Accurate terminology is essential. Call it what it is; give your feelings the accurate term and you are half-way to being cured. Language is precious. Use of accurate language would cure many of our problems. So do not contribute to language clutter by telling yourself you are "shy" when it just isn't so. Here's a suggested early morning, look-in-the-mirror-while-washing-your-face sentence to say to yourself: "I am _____." But fill in the blank with the truth, not with a thing mistakenly called "shyness."
Besides calling it by its right name, another cure for "shyness" is to want something else more than you want the shyness. Let that something else be an obsessive drive to perform. This is the one I personally subscribe to. It worked for me.
One curious way to face "shyness" is to get so angry that the anger
propels you past the safety of shyness. Countless are the times I
have stepped on stage ready to spit hot nails. Anger is a
remarkable source of energy. It certainly hurtles you past the
concentration on self that lies at the core of "shyness."
Another cure for "shyness" depends on acknowledging an unpleasant truth. If you have a genuine gift, then being shy and not sharing that gift is preventing the public from moments of happiness which you could bring them. Let's call that self-centeredness, not shyness.

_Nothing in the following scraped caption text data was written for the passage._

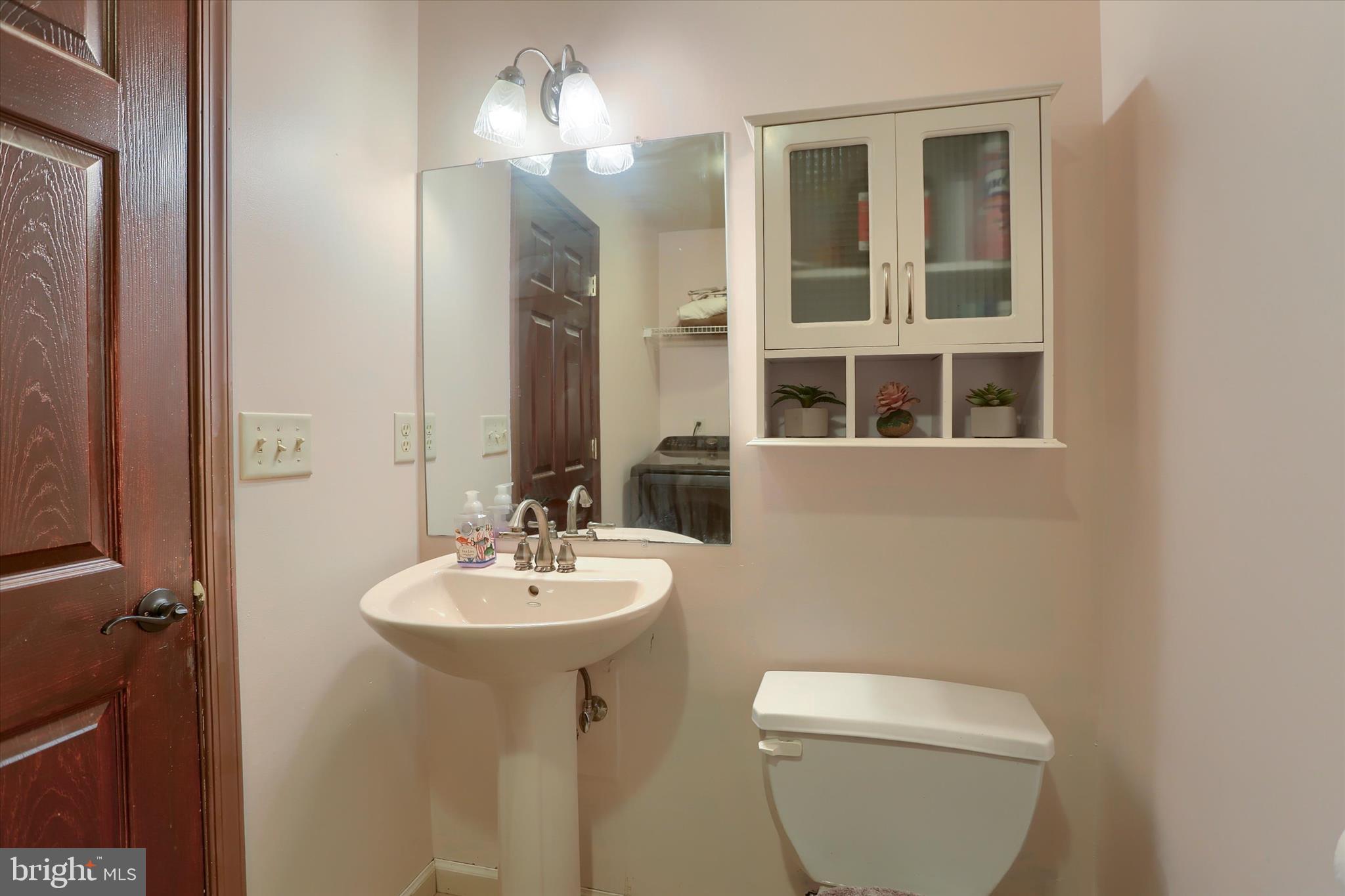 EDGEWATER - Residential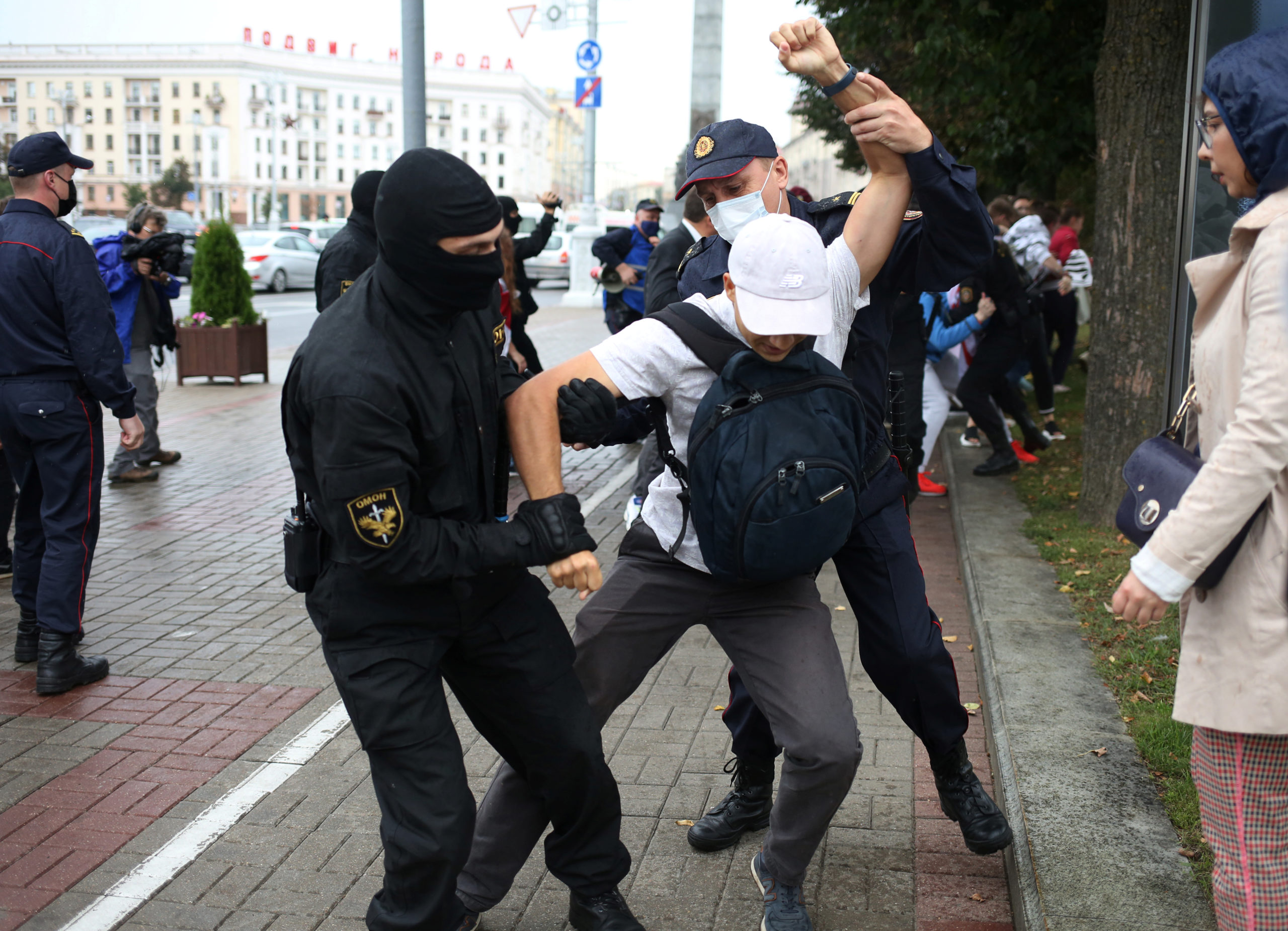 У Мінську силовики знову почали затримувати студентів: фото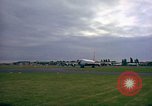 Standbild US-Präsidenten John F Kennedy's Flug abheben Wiesbaden Deutschland, 1963, aus Sekunde 32 historischem Filmmaterial Videoclip 65675034039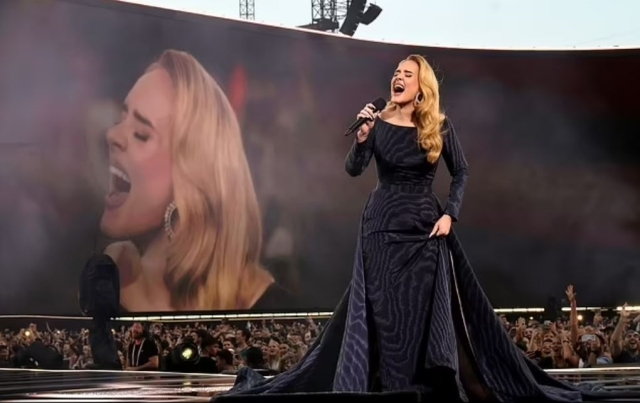 Adele, Münih Konseri'nde Rich Paul ile Nişanlandığını Açıkladı ve Yüzüğünü Gösterdi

And last, the way to overcome whatever the thing is you are calling "Shyness" is to over prepare. Oh no, not that old bromide again. Yes! Don't use shyness as an excuse not to demand perfection. Preparation and perfection are inseparable.
Battle that thing misnamed "shyness" both with the shining light of accurate language and with the joyous drive to act. Yearn to act. And then shed your shy skin and pursue auditions and roles with a single mindedness that propels you past "shy." Want to act and be seen more than you want to be shy and hidden. If 'shyness' is stronger than the drive to act, acknowledge that. Facing the truth about our feelings may be painful but it often heals.
Proper terminology, a drive to perform, recognition of the nature of "Shyness," preparation--these are a few of the weapons against the invading armies that hide behind the shield of "Shyness."